This started to occur after after I switched from a gzipped to an ungizziped fasta but I am unsure f that is the cause of the error. I am running the package as follows:

reader = FASTA.Reader(open("some/file/path/megahit_final_assembly_500bp_filterd.fasta"))

    writer = open(FASTA.Writer, "some/file/path/500bp_filter_samples/"*sample)

    println("writing to file")

    @threads for record in reader

        if FASTA.identifier(record) in passContig

            write(writer, record)

        end

    end

    close(reader)

EDIT: I just tried with a gzip and I get the same error.

Have you gotten @threads to work before? It looks like the issue is that the reader doesn’t have a length method defined for it, which the threading code uses to divide the work up.

You might have to do some preprocessing to prepare for multithreaded processing of your file.
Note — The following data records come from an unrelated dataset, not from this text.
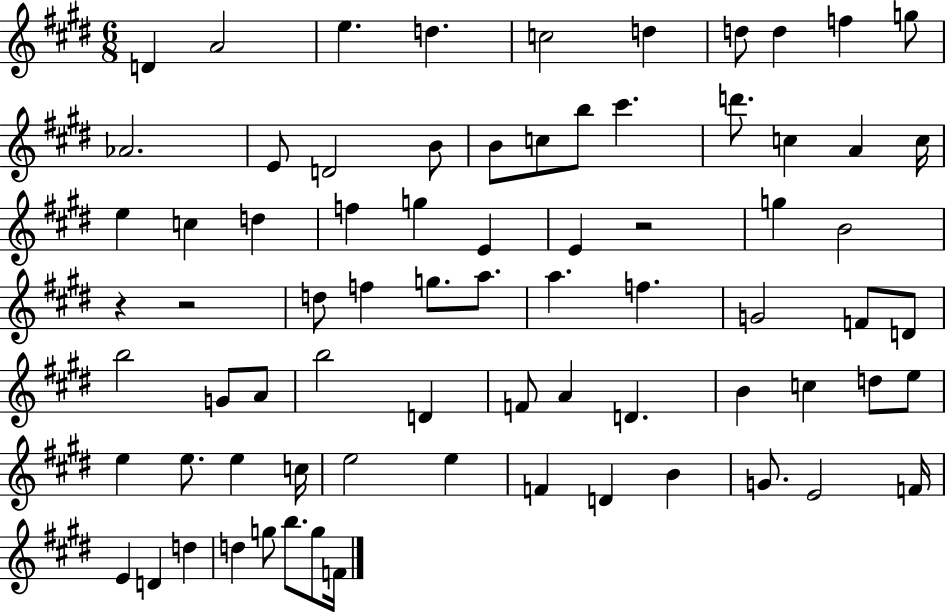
X:1
T:Untitled
M:6/8
L:1/4
K:E
D A2 e d c2 d d/2 d f g/2 _A2 E/2 D2 B/2 B/2 c/2 b/2 ^c' d'/2 c A c/4 e c d f g E E z2 g B2 z z2 d/2 f g/2 a/2 a f G2 F/2 D/2 b2 G/2 A/2 b2 D F/2 A D B c d/2 e/2 e e/2 e c/4 e2 e F D B G/2 E2 F/4 E D d d g/2 b/2 g/2 F/4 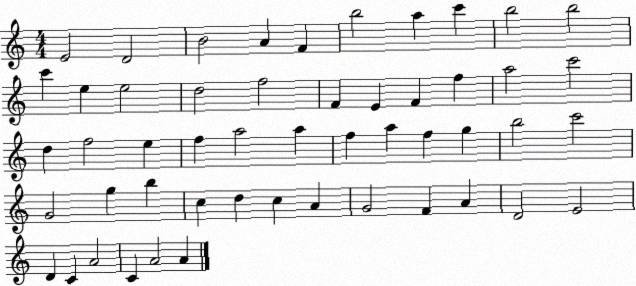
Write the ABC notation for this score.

X:1
T:Untitled
M:4/4
L:1/4
K:C
E2 D2 B2 A F b2 a c' b2 b2 c' e e2 d2 f2 F E F f a2 c'2 d f2 e f a2 a f a f g b2 c'2 G2 g b c d c A G2 F A D2 E2 D C A2 C A2 A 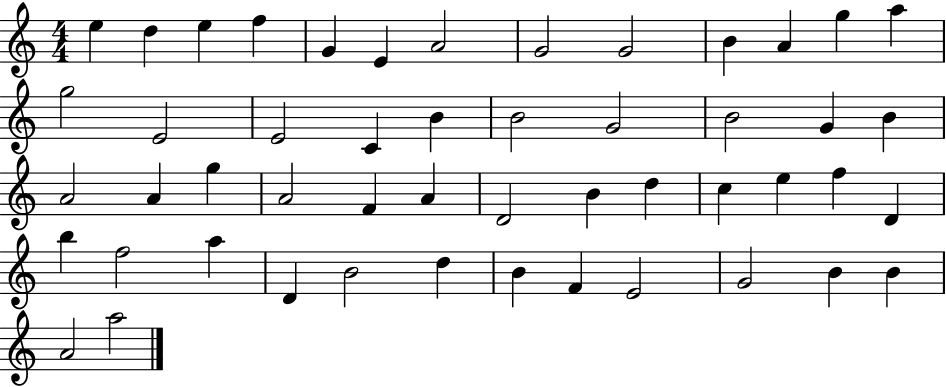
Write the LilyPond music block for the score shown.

{
  \clef treble
  \numericTimeSignature
  \time 4/4
  \key c \major
  e''4 d''4 e''4 f''4 | g'4 e'4 a'2 | g'2 g'2 | b'4 a'4 g''4 a''4 | \break g''2 e'2 | e'2 c'4 b'4 | b'2 g'2 | b'2 g'4 b'4 | \break a'2 a'4 g''4 | a'2 f'4 a'4 | d'2 b'4 d''4 | c''4 e''4 f''4 d'4 | \break b''4 f''2 a''4 | d'4 b'2 d''4 | b'4 f'4 e'2 | g'2 b'4 b'4 | \break a'2 a''2 | \bar "|."
} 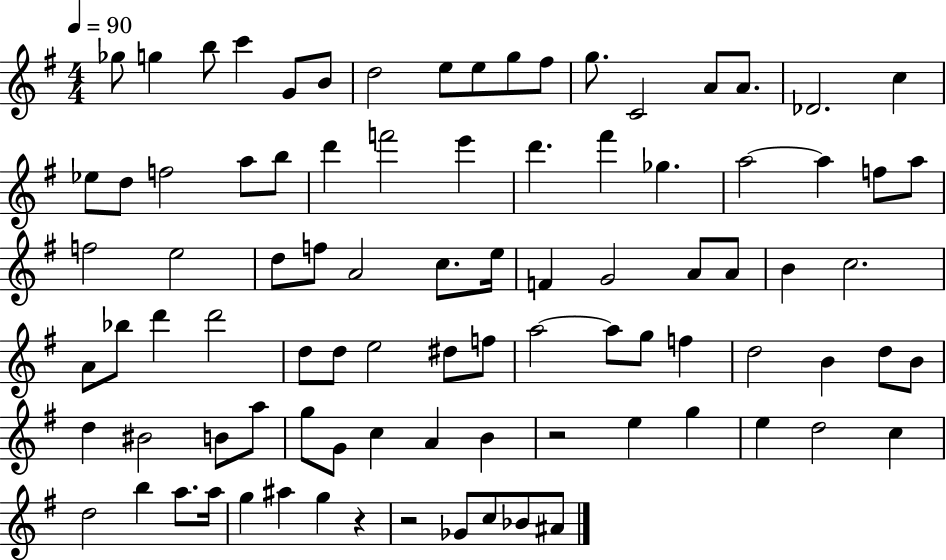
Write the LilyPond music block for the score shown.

{
  \clef treble
  \numericTimeSignature
  \time 4/4
  \key g \major
  \tempo 4 = 90
  ges''8 g''4 b''8 c'''4 g'8 b'8 | d''2 e''8 e''8 g''8 fis''8 | g''8. c'2 a'8 a'8. | des'2. c''4 | \break ees''8 d''8 f''2 a''8 b''8 | d'''4 f'''2 e'''4 | d'''4. fis'''4 ges''4. | a''2~~ a''4 f''8 a''8 | \break f''2 e''2 | d''8 f''8 a'2 c''8. e''16 | f'4 g'2 a'8 a'8 | b'4 c''2. | \break a'8 bes''8 d'''4 d'''2 | d''8 d''8 e''2 dis''8 f''8 | a''2~~ a''8 g''8 f''4 | d''2 b'4 d''8 b'8 | \break d''4 bis'2 b'8 a''8 | g''8 g'8 c''4 a'4 b'4 | r2 e''4 g''4 | e''4 d''2 c''4 | \break d''2 b''4 a''8. a''16 | g''4 ais''4 g''4 r4 | r2 ges'8 c''8 bes'8 ais'8 | \bar "|."
} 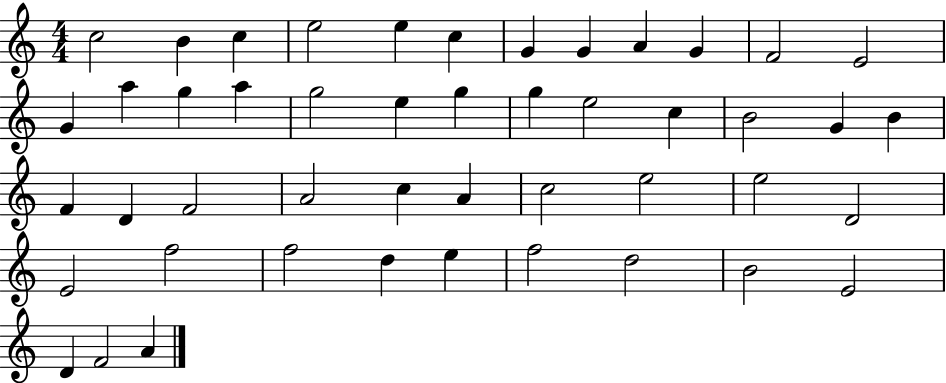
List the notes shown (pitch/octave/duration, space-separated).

C5/h B4/q C5/q E5/h E5/q C5/q G4/q G4/q A4/q G4/q F4/h E4/h G4/q A5/q G5/q A5/q G5/h E5/q G5/q G5/q E5/h C5/q B4/h G4/q B4/q F4/q D4/q F4/h A4/h C5/q A4/q C5/h E5/h E5/h D4/h E4/h F5/h F5/h D5/q E5/q F5/h D5/h B4/h E4/h D4/q F4/h A4/q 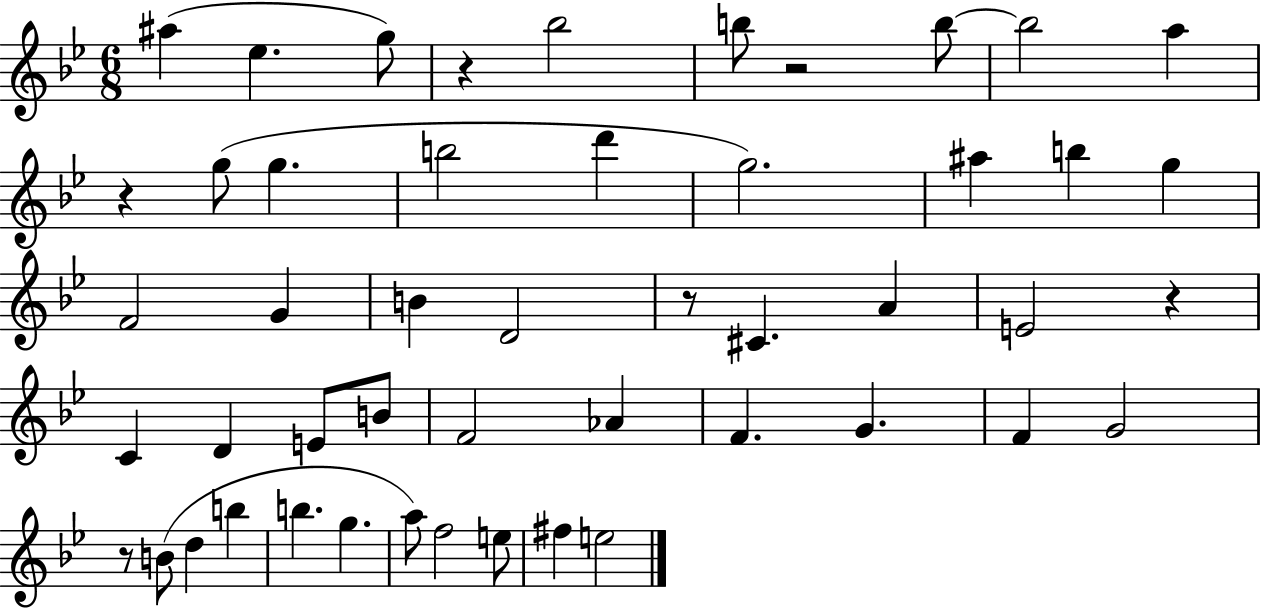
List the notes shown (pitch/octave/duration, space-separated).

A#5/q Eb5/q. G5/e R/q Bb5/h B5/e R/h B5/e B5/h A5/q R/q G5/e G5/q. B5/h D6/q G5/h. A#5/q B5/q G5/q F4/h G4/q B4/q D4/h R/e C#4/q. A4/q E4/h R/q C4/q D4/q E4/e B4/e F4/h Ab4/q F4/q. G4/q. F4/q G4/h R/e B4/e D5/q B5/q B5/q. G5/q. A5/e F5/h E5/e F#5/q E5/h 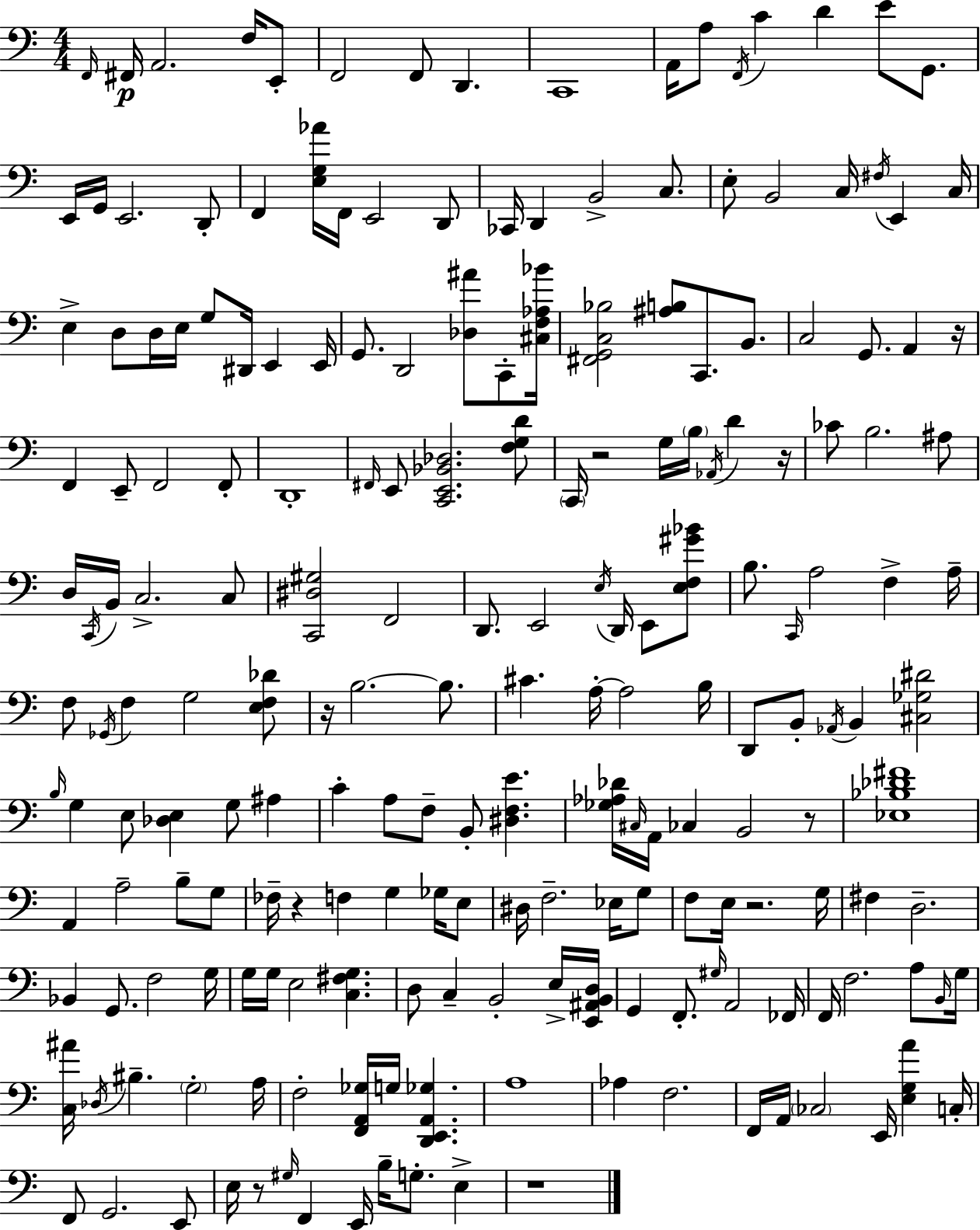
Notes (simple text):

F2/s F#2/s A2/h. F3/s E2/e F2/h F2/e D2/q. C2/w A2/s A3/e F2/s C4/q D4/q E4/e G2/e. E2/s G2/s E2/h. D2/e F2/q [E3,G3,Ab4]/s F2/s E2/h D2/e CES2/s D2/q B2/h C3/e. E3/e B2/h C3/s F#3/s E2/q C3/s E3/q D3/e D3/s E3/s G3/e D#2/s E2/q E2/s G2/e. D2/h [Db3,A#4]/e C2/e [C#3,F3,Ab3,Bb4]/s [F#2,G2,C3,Bb3]/h [A#3,B3]/e C2/e. B2/e. C3/h G2/e. A2/q R/s F2/q E2/e F2/h F2/e D2/w F#2/s E2/e [C2,E2,Bb2,Db3]/h. [F3,G3,D4]/e C2/s R/h G3/s B3/s Ab2/s D4/q R/s CES4/e B3/h. A#3/e D3/s C2/s B2/s C3/h. C3/e [C2,D#3,G#3]/h F2/h D2/e. E2/h E3/s D2/s E2/e [E3,F3,G#4,Bb4]/e B3/e. C2/s A3/h F3/q A3/s F3/e Gb2/s F3/q G3/h [E3,F3,Db4]/e R/s B3/h. B3/e. C#4/q. A3/s A3/h B3/s D2/e B2/e Ab2/s B2/q [C#3,Gb3,D#4]/h B3/s G3/q E3/e [Db3,E3]/q G3/e A#3/q C4/q A3/e F3/e B2/e [D#3,F3,E4]/q. [Gb3,Ab3,Db4]/s C#3/s A2/s CES3/q B2/h R/e [Eb3,Bb3,Db4,F#4]/w A2/q A3/h B3/e G3/e FES3/s R/q F3/q G3/q Gb3/s E3/e D#3/s F3/h. Eb3/s G3/e F3/e E3/s R/h. G3/s F#3/q D3/h. Bb2/q G2/e. F3/h G3/s G3/s G3/s E3/h [C3,F#3,G3]/q. D3/e C3/q B2/h E3/s [E2,A#2,B2,D3]/s G2/q F2/e. G#3/s A2/h FES2/s F2/s F3/h. A3/e B2/s G3/s [C3,A#4]/s Db3/s BIS3/q. G3/h A3/s F3/h [F2,A2,Gb3]/s G3/s [D2,E2,A2,Gb3]/q. A3/w Ab3/q F3/h. F2/s A2/s CES3/h E2/s [E3,G3,A4]/q C3/s F2/e G2/h. E2/e E3/s R/e G#3/s F2/q E2/s B3/s G3/e. E3/q R/w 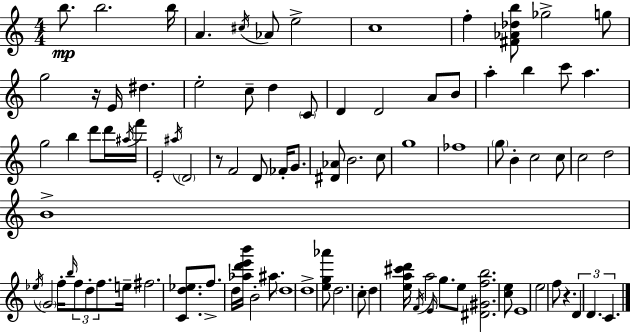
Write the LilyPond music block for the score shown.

{
  \clef treble
  \numericTimeSignature
  \time 4/4
  \key c \major
  b''8.\mp b''2. b''16 | a'4. \acciaccatura { cis''16 } aes'8 e''2-> | c''1 | f''4-. <fis' aes' des'' b''>8 ges''2-> g''8 | \break g''2 r16 e'16 dis''4. | e''2-. c''8-- d''4 \parenthesize c'8 | d'4 d'2 a'8 b'8 | a''4-. b''4 c'''8 a''4. | \break g''2 b''4 d'''8 d'''16 | \acciaccatura { ais''16 } f'''16 e'2-. \acciaccatura { ais''16 } \parenthesize d'2 | r8 f'2 d'8 fes'16-. | g'8. <dis' aes'>8 b'2. | \break c''8 g''1 | fes''1 | \parenthesize g''8 b'4-. c''2 | c''8 c''2 d''2 | \break b'1-> | \acciaccatura { ees''16 } \parenthesize g'2 f''16-. \grace { b''16 } \tuplet 3/2 { f''8 | d''8-. f''8. } e''16-- fis''2. | <c' d'' ees''>8. f''8.-> d''16 <aes'' d''' e''' b'''>16 b'2-. | \break ais''8. \parenthesize d''1 | d''1-> | <e'' g'' aes'''>8 d''2. | c''8-. d''4 <e'' a'' cis''' d'''>16 \acciaccatura { f'16 } a''2 | \break \grace { e'16 } g''8. e''8 <dis' gis' f'' b''>2. | <c'' e''>8 e'1 | e''2 f''8 | r4. \tuplet 3/2 { d'4 d'4. | \break c'4. } \bar "|."
} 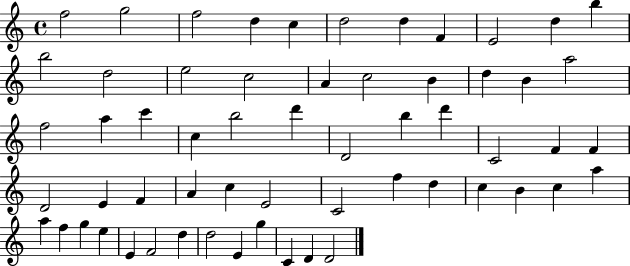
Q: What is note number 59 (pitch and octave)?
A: D4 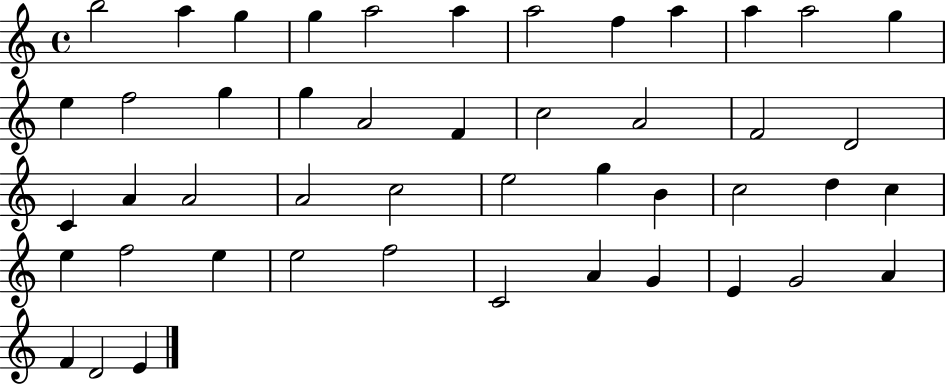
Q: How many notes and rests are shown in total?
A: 47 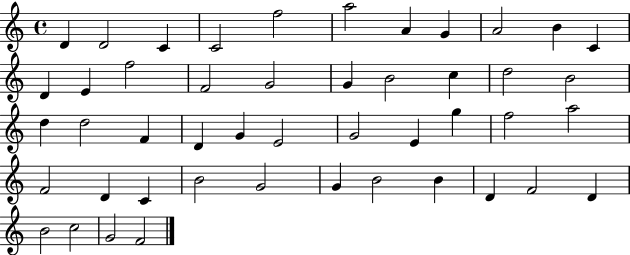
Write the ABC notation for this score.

X:1
T:Untitled
M:4/4
L:1/4
K:C
D D2 C C2 f2 a2 A G A2 B C D E f2 F2 G2 G B2 c d2 B2 d d2 F D G E2 G2 E g f2 a2 F2 D C B2 G2 G B2 B D F2 D B2 c2 G2 F2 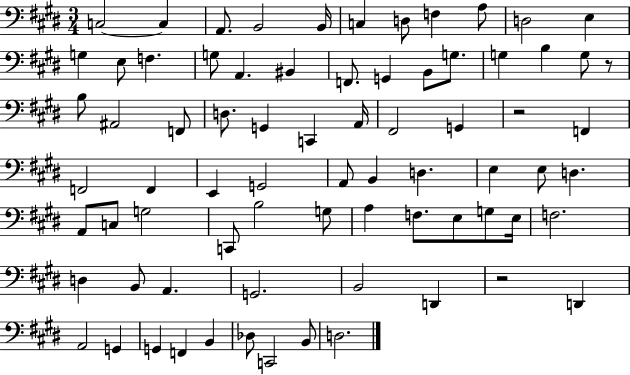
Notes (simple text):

C3/h C3/q A2/e. B2/h B2/s C3/q D3/e F3/q A3/e D3/h E3/q G3/q E3/e F3/q. G3/e A2/q. BIS2/q F2/e. G2/q B2/e G3/e. G3/q B3/q G3/e R/e B3/e A#2/h F2/e D3/e. G2/q C2/q A2/s F#2/h G2/q R/h F2/q F2/h F2/q E2/q G2/h A2/e B2/q D3/q. E3/q E3/e D3/q. A2/e C3/e G3/h C2/e B3/h G3/e A3/q F3/e. E3/e G3/e E3/s F3/h. D3/q B2/e A2/q. G2/h. B2/h D2/q R/h D2/q A2/h G2/q G2/q F2/q B2/q Db3/e C2/h B2/e D3/h. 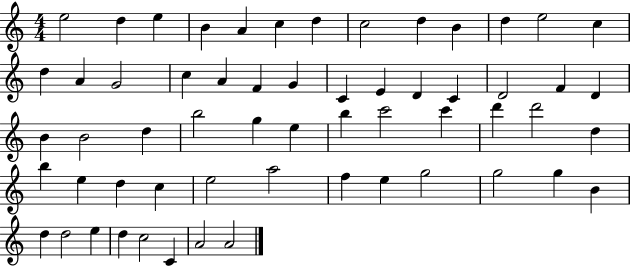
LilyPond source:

{
  \clef treble
  \numericTimeSignature
  \time 4/4
  \key c \major
  e''2 d''4 e''4 | b'4 a'4 c''4 d''4 | c''2 d''4 b'4 | d''4 e''2 c''4 | \break d''4 a'4 g'2 | c''4 a'4 f'4 g'4 | c'4 e'4 d'4 c'4 | d'2 f'4 d'4 | \break b'4 b'2 d''4 | b''2 g''4 e''4 | b''4 c'''2 c'''4 | d'''4 d'''2 d''4 | \break b''4 e''4 d''4 c''4 | e''2 a''2 | f''4 e''4 g''2 | g''2 g''4 b'4 | \break d''4 d''2 e''4 | d''4 c''2 c'4 | a'2 a'2 | \bar "|."
} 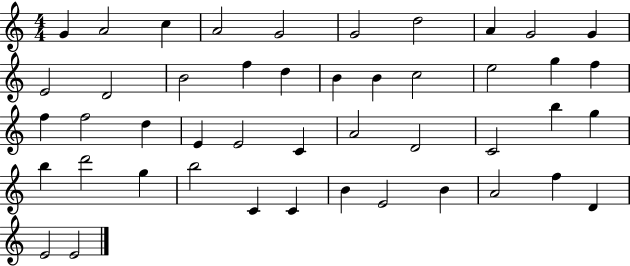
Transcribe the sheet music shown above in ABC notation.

X:1
T:Untitled
M:4/4
L:1/4
K:C
G A2 c A2 G2 G2 d2 A G2 G E2 D2 B2 f d B B c2 e2 g f f f2 d E E2 C A2 D2 C2 b g b d'2 g b2 C C B E2 B A2 f D E2 E2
Another issue though… I don’t think reading and writing is thread-safe, so multithreading this will likely cause your output to be jumbled up.

Ah, open has a lock argument you can use to enable safe multithreaded access.

I will try the lockargument. I was hoping it would just run multiple iterations of the for loop on different threads but whatever speeds things up is good :slight_smile: Looking more into it though, would multi-processing be more optimal for this then?

Have you gotten @threads to work before? It looks like the issue is that the reader doesn’t have a length method defined for it, which the threading code uses to divide the work up.

No I have not used it before. I am wanting the nthreads to equal the available number.

Yeah, it would be nice if @threads could work with a collection of unknown length. I think you would have the same, or worse, issue with multiprocessing.

Also your example code isn’t doing that much processing it looks like, is that right? If so, you’ll be IO-bound and parallel processing may not be much help anyway.

Or you could do something like load a reasonably big chunk, process it in threads, load another chunk, etc.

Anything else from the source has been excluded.